People often imagine opening day as something grand.
A perfect day.
Everything ready.
Everything polished.
Everyone standing there feeling calm and proud.
I wish I could tell you that was how it felt.
The truth is, I remember feeling a mix of excitement, disbelief and pure nerves.
After years of dreaming, planning, building, planting, waiting, changing plans, questioning ourselves and wondering if this place that only existed in our minds would one day become real — suddenly there were people arriving.
Real people.
Walking through the doors.
Putting down their bags.
Sitting in spaces that had once only lived in our imagination.
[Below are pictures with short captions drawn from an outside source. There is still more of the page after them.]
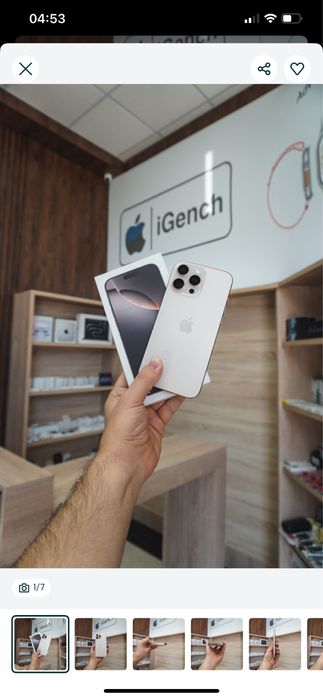 Ayfon 12 promax sotiladi 256tali emkost 82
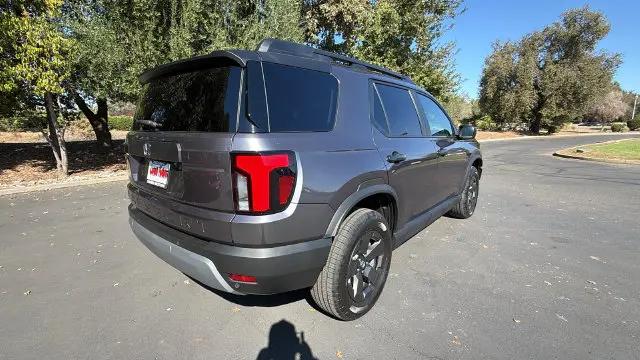 2026 Honda Passport AWD RTL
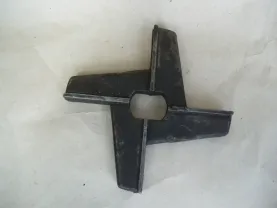 Нож двухсторонний для волчка 160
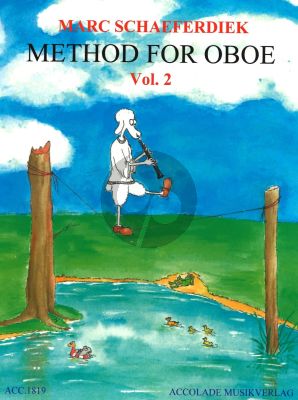 Schaeferdieck Oboe Method Vol.2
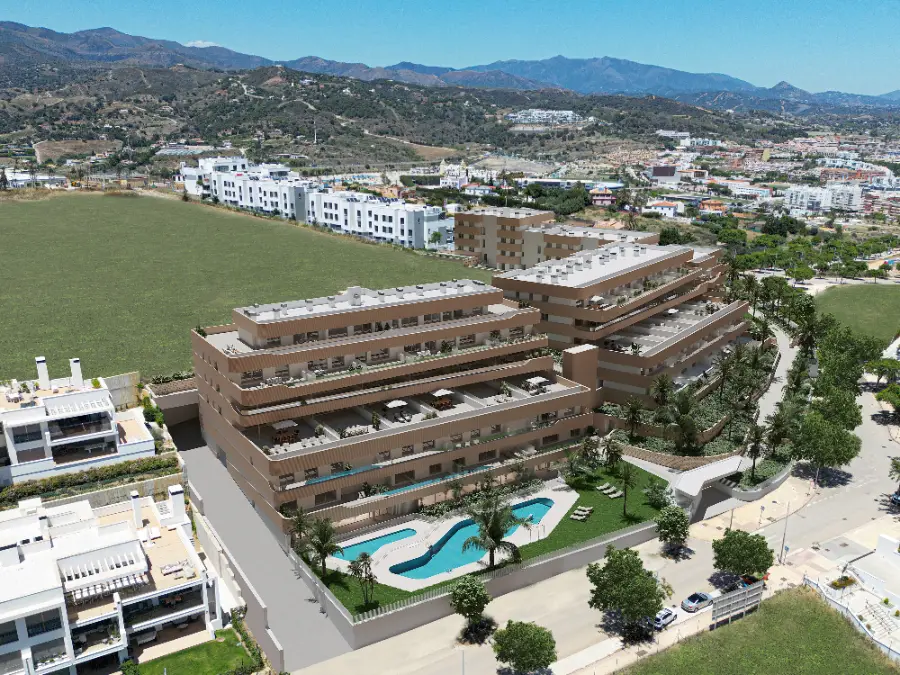 Cascada-Homes-South-Sand-Estepona-Costa-del-Sol-Aereal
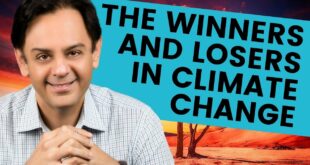 The Winners and Losers in Climate Change | Neal Bawa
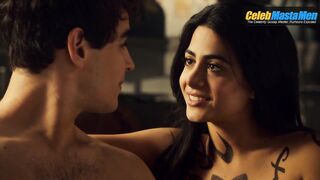 ALBERTO ROSENDE NUDE/SEXY SCENE IN SHADOWHUNTERS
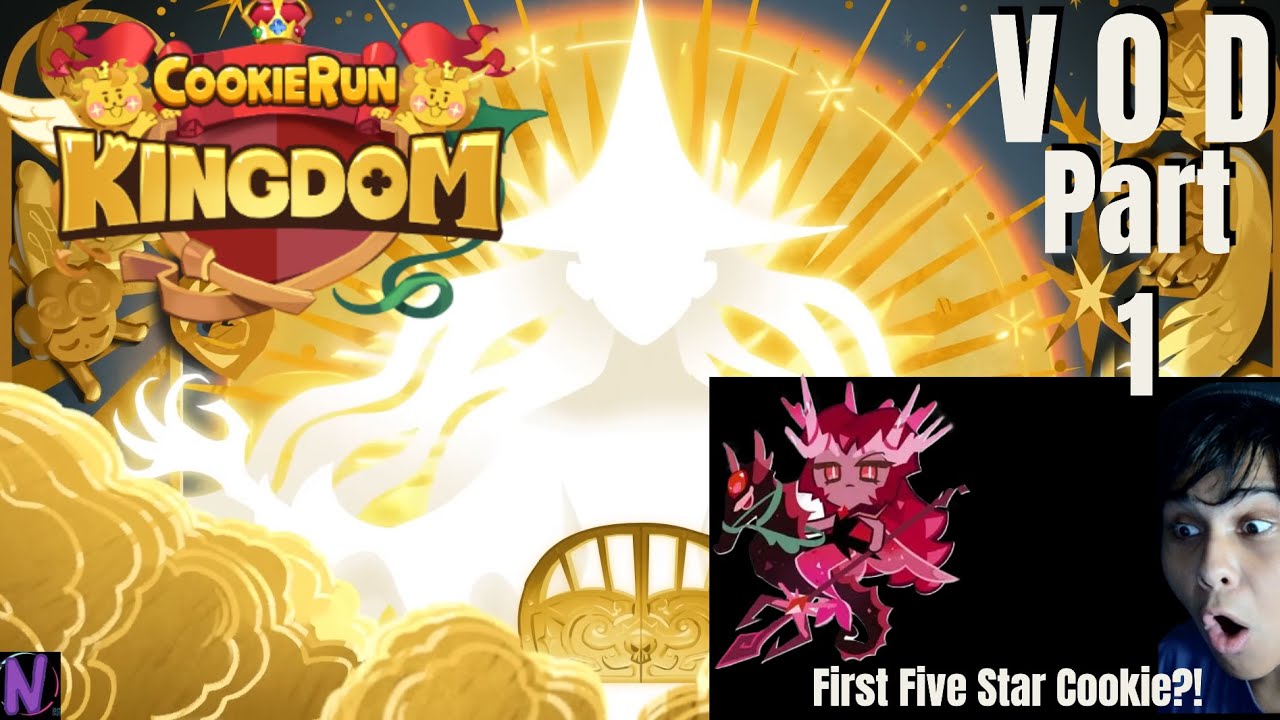 First Time Playing Cookie Run: Kingdom in 2025 (WHY IS IT GOOD?!)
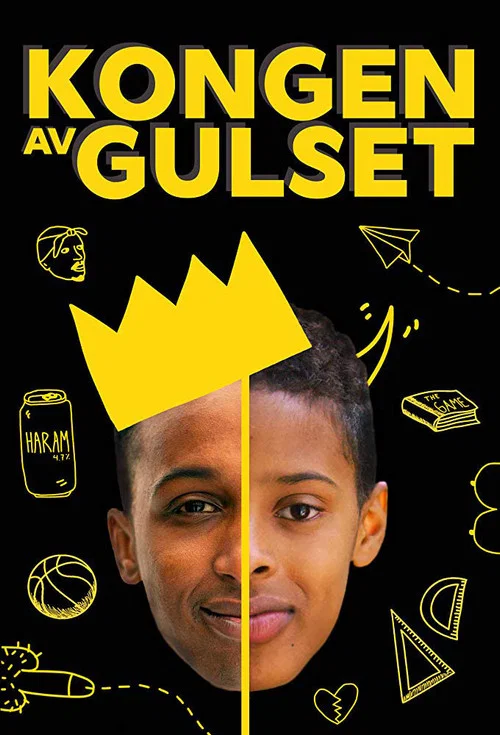 Постер: Kongen av Gulset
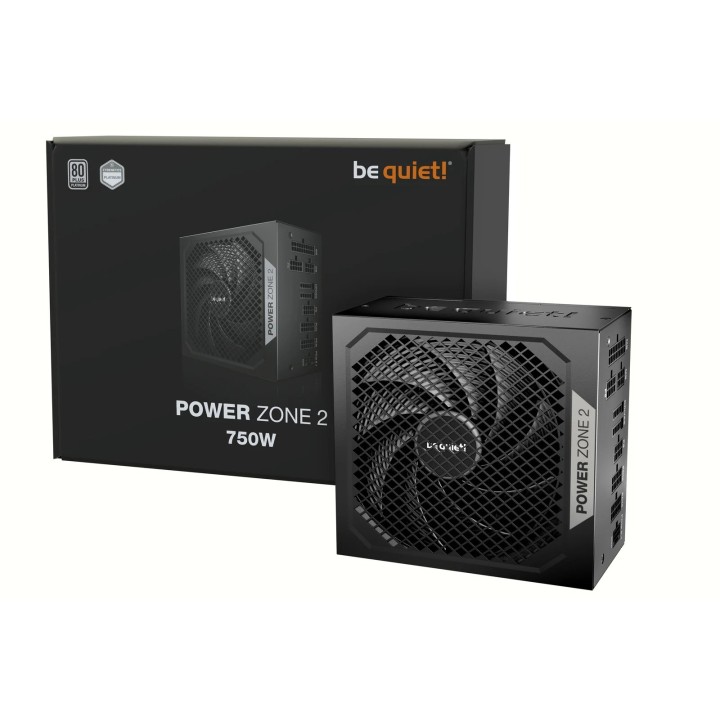 be quiet! Power Zone 2 – alimentation 80 PLUS Platinum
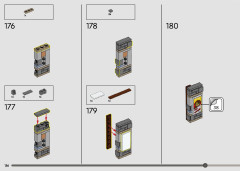 LEGO 71799 instructions page 136 – build guide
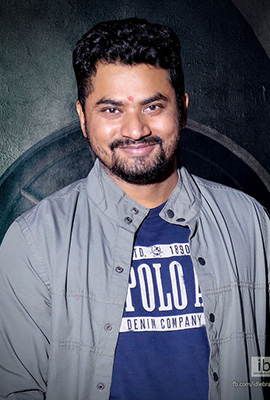 RVS Nikhil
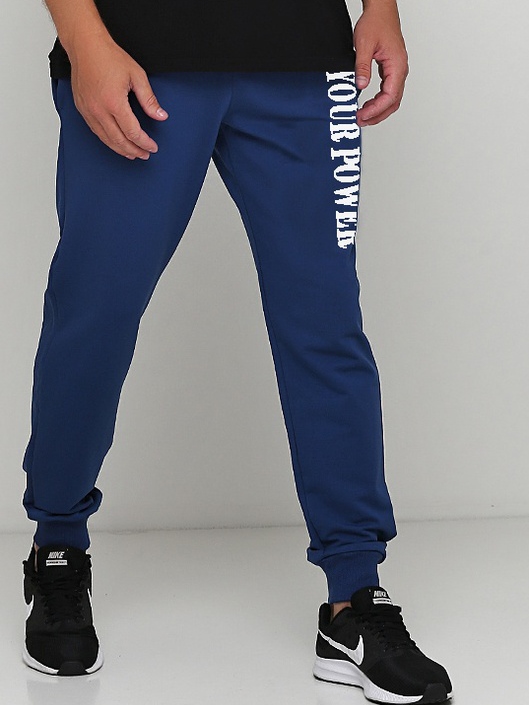

Спортивные штаны Malta М488-13-П2 YourPower-W XL (52) Синие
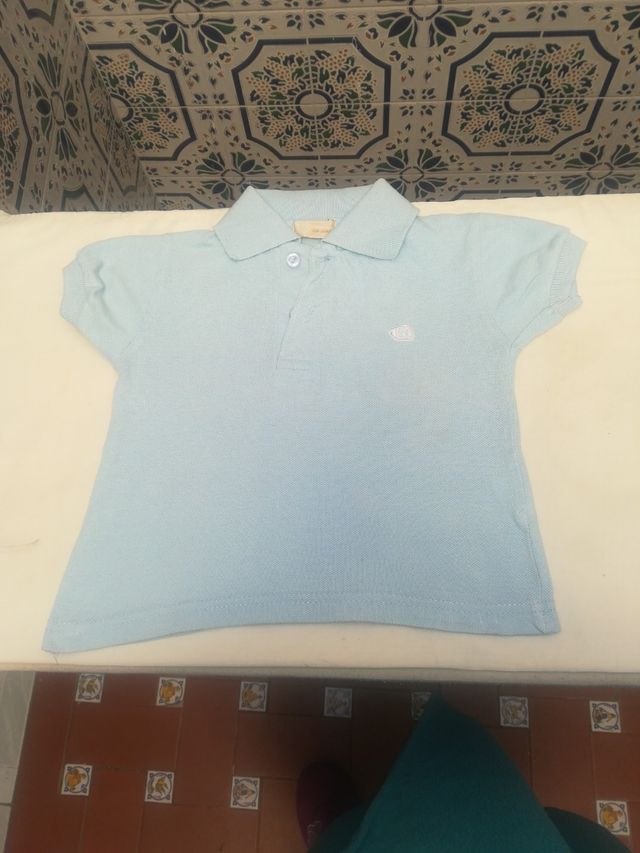 Polo bebe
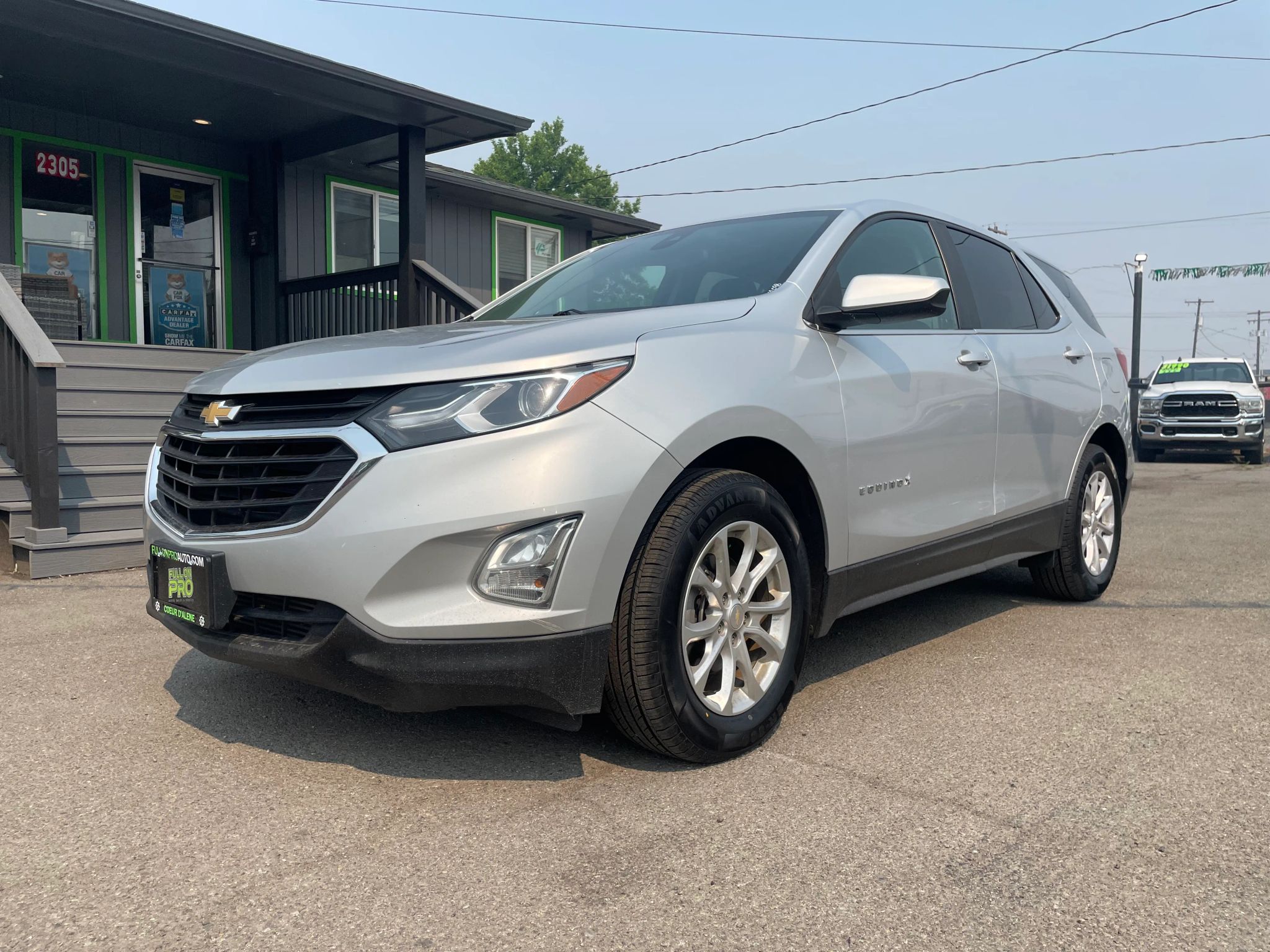 2021 Chevrolet Equinox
I remember looking around and thinking:
"Wait… this is actually happening."
Because for so long : ,8 years to be exact - House of Mi-Rin felt like a project still in progress.
There was always another thing to do.
Another decision to make.
Another corner to finish.
Another thing to improve.
You spend years focusing on building something that you almost forget to stop and look at what has already been built.
Then suddenly guests arrived.
And something shifted.
Because House of Mi-Rin no longer belonged only to us.
The space started filling with conversations.
With laughter.
With footsteps.
With people sitting quietly looking out toward the hills.
People slowing down.
People noticing things.
I remember seeing someone pause in the garden longer than I expected.
Someone asking where the vegetables came from.
Someone sitting with tea and simply staring out at the landscape without saying anything.
Small moments.
But somehow those were the moments that stayed with me.
Not because I thought:
"We've done it."
But because I thought:
"They feel it too."
The feeling we had been chasing all those years.
The feeling we couldn't properly explain.
The feeling that started long before there was a building.
Warmth.
Stillness.
A place to breathe.
People sometimes ask what my favourite part of House of Mi-Rin is.
The gardens.
The animals.
The food.
The rooms.
Truthfully?
I think it's opening a door and watching somebody slowly settle into a different pace.
Because years ago, I was searching for that feeling too.